By Barbara Golder MD JD

Published January 7, 2023

Catholics find themselves involved in some surprisingly arcane discussions of ethics and medical care these days. Some of the topics are both obvious and ominous. Others are less obvious but equally important. All are worth keeping an eye on. From my perch as a physician-lawyer turned bioethicist, here are my “top five” issues in bioethics to pay attention to in the coming year.

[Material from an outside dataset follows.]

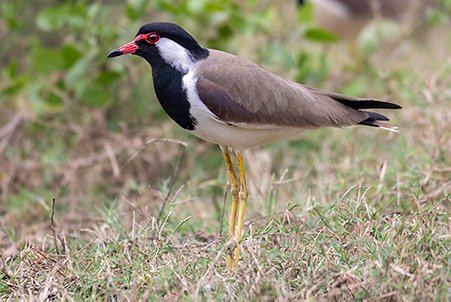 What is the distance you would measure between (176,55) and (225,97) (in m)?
0.28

  • End-of-life care, euthanasia and so-called “medical aid in dying.” End-of-life care is always a difficult medical balance and there is no dearth of strong, divergent opinions among Catholics on what care is necessary, what is obligatory and what must be discretionary. As governments expand the “right” to euthanasia to include the mentally ill and the underage, Catholics are concerned about increasing pressure being put on patients with expensive illnesses (or who are simply old or disabled) to end their lives prematurely by voluntary restriction of otherwise appropriate care, or by assisted suicide. Along with this worry comes a “flip side” concern: In the face of controversial, high-profile end-of-life cases and the heated rhetoric that comes with them, some Catholics may second-guess their already difficult, perfectly appropriate end-of-life decisions — to their detriment.

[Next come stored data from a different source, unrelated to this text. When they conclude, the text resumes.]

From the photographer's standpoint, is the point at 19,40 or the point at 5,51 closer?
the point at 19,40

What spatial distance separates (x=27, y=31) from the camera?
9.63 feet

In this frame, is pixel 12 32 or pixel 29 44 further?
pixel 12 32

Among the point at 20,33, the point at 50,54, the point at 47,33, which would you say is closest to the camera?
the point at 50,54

  • The care of transgender youth. Catholic teaching has a lot to say about sex and sexuality, of course, but how our teachings apply to gender dysphoria depends on understanding the basic biology and, importantly, the psychology that is still evolving. There is clearly an explosion of young people questioning their sexuality. What remains unsettled is how much is driven by social contagion, how much results from as yet undefined physical or psychological influences (One question: Has 60-plus years of massively increased use of hormonal treatments, both natural and artificial, impacted the environment, and is it related to all the rest?), and what interventions are therefore appropriate in any given case. The tendency to reduce solutions to policies or ideologies, and the ever-present desire of government policymakers to intervene in medical situations, adds to the confusion. Until we understand these intersecting concerns better, the first rule — written all those years ago by Hippocrates — is still “first, do no harm,” especially with complicated treatments or policy positions that are potentially damaging or irreversible in young lives.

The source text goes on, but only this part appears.